I am so ashamed of myself. Should I reveal my dirty little secret? I guess I must…
I just finished reading James Clavell’s Gai-Jin, and it is not something I am proud of. It was schlock, complete schlock. I knew it was crappy in the first 50 pages, shortly after the languorous rape of the main female protagonist I knew it was utter crap. I actually put the book down and avoided it for over two months. But I have a stubborn streak in me that hates to abandon a book, any book, once I start reading it. So two weekends ago I picked up that weighty tome of baloney and started reading it in earnest.
And once I got past it’s faults it wasn’t all that bad. Of course it was terrible, with wooden characters, confusing dialogue and a steady string of natural disasters to push the plot along, but I enjoyed the setting and some of the Japanese characters. I found myself rooting for them and eager to get past the wearisome blunderings of the gai-jin in Yokohama.
One major fault: I think over half the book was written in the pluperfect tense, which does not make for good story telling. ‘He had eaten after he had talked to the ship captain.’ Seriously, every other page some character or another drifted off into reverie and I was treated to an expository flashback. Even worse, I reckon at least three different times when one character started a flashback, then another character in the flashback had a deeper flashback. Huh? Who’s point of view is that? It certainly befuddled me. What do you call that? Superduperpluperfect tense?

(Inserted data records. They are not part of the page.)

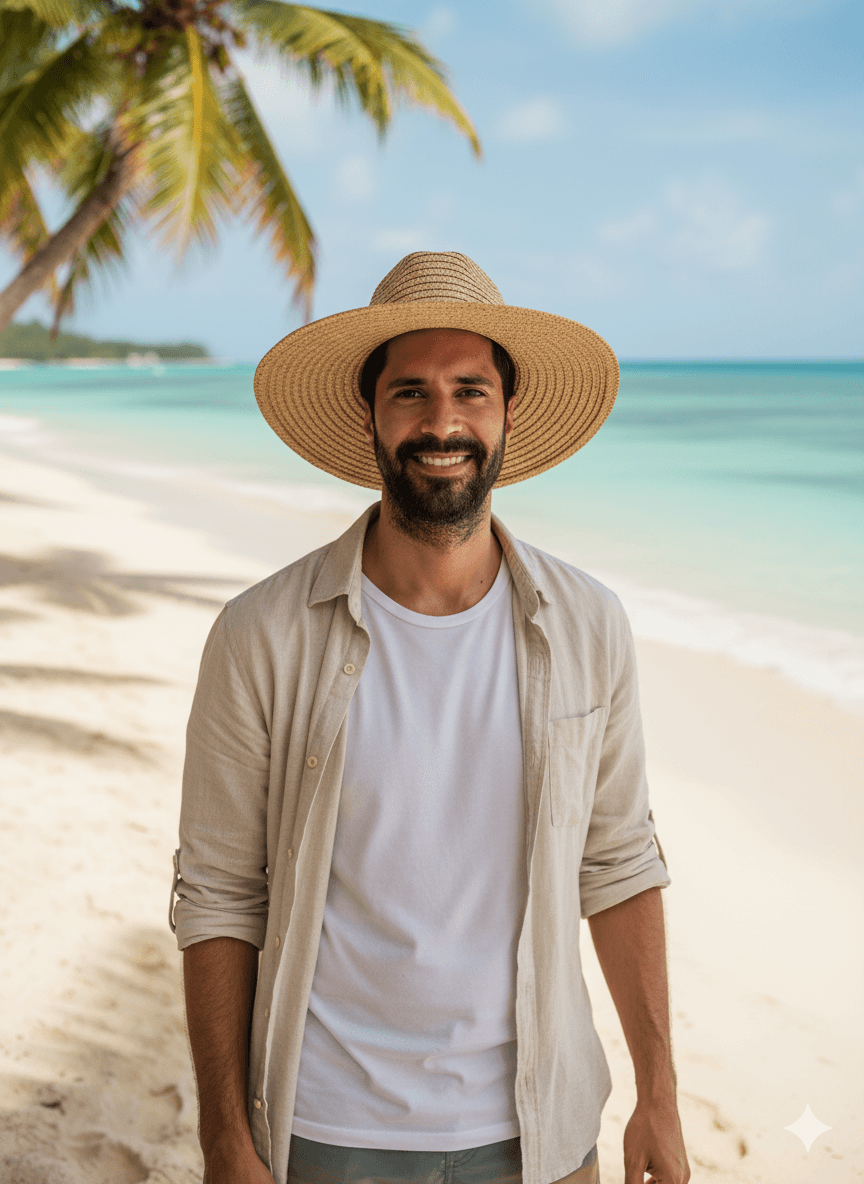 AI generated: "Travel influencer on tropical beach with summer hat, 8K UHD, ultra-realistic, photorealistic skin t...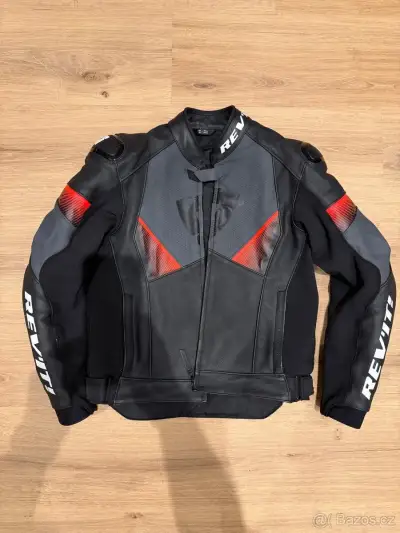 REVIT ARGON 2 kožená moto bunda vel. 52 – Black/Neon Red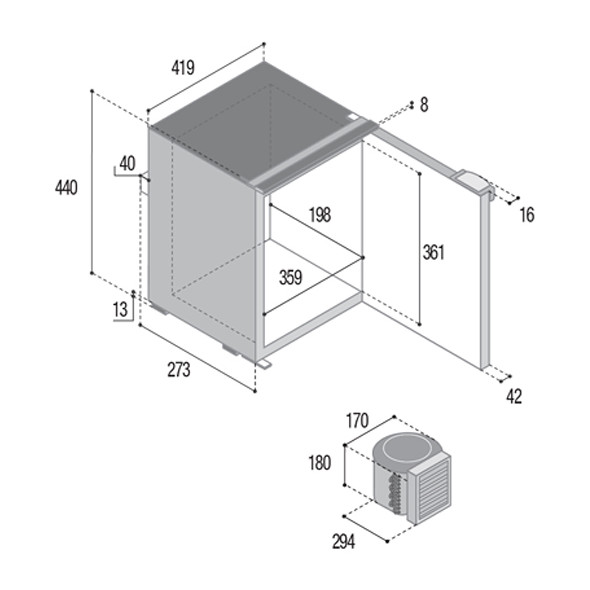 Frigorifero Vitrifrigo C25L Airlock - Grigio Chiaro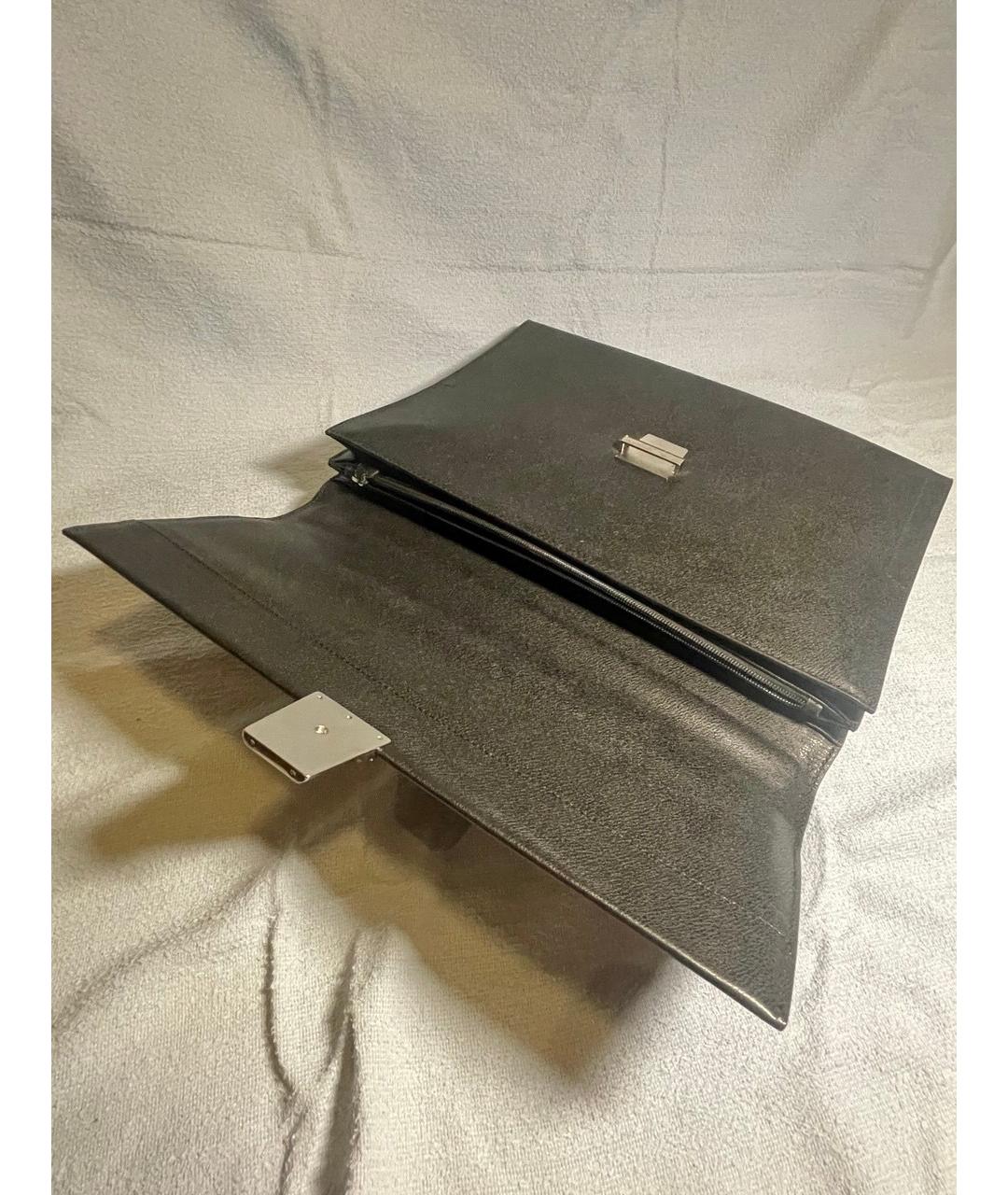 BRIONI Черный кожаный портфель, фото 5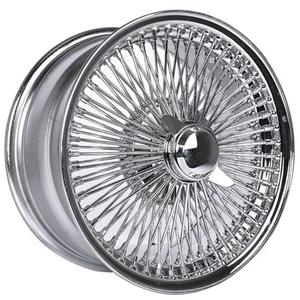 18x8" LA Wire Wheels FWD 100-Spoke Straight Lace Chrome Rims - Picture 1 of 10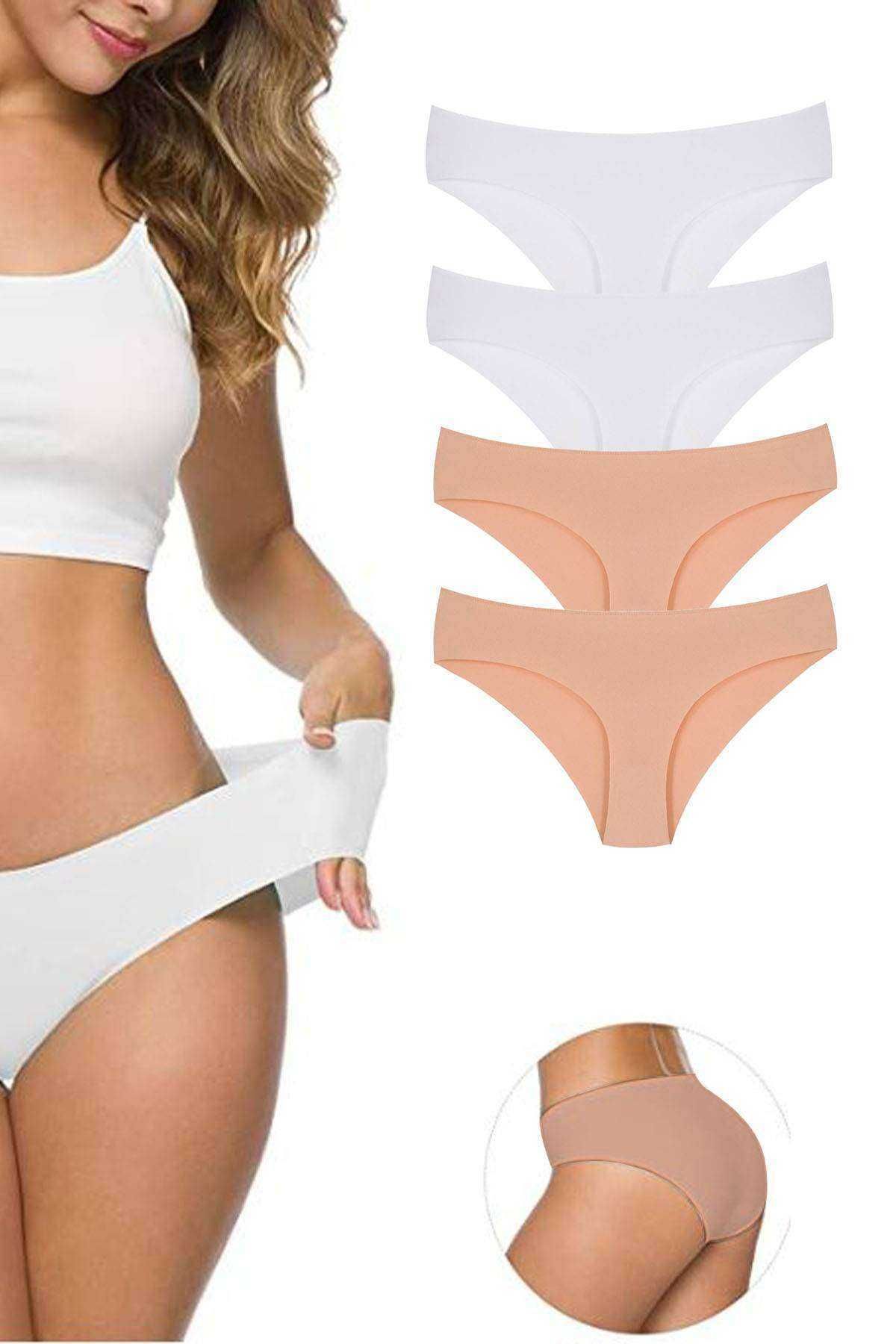 Shop58 4 Adet Kadın Dikişsiz Lazer Kesim Esnek İz yapmayan Külot S3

In spite of all this confusion with tenses and point of view, I enjoyed it. Can’t really go wrong with all those samurai chopping their way through scores of people. Will I read another Clavell novel? No freaking way. I read Shogun ages ago when I was in grade school (seriously), but Gai-Jin was nowhere near as good. I guess I will just chalk this one up as a mistake, a guilty pleasure, and move on.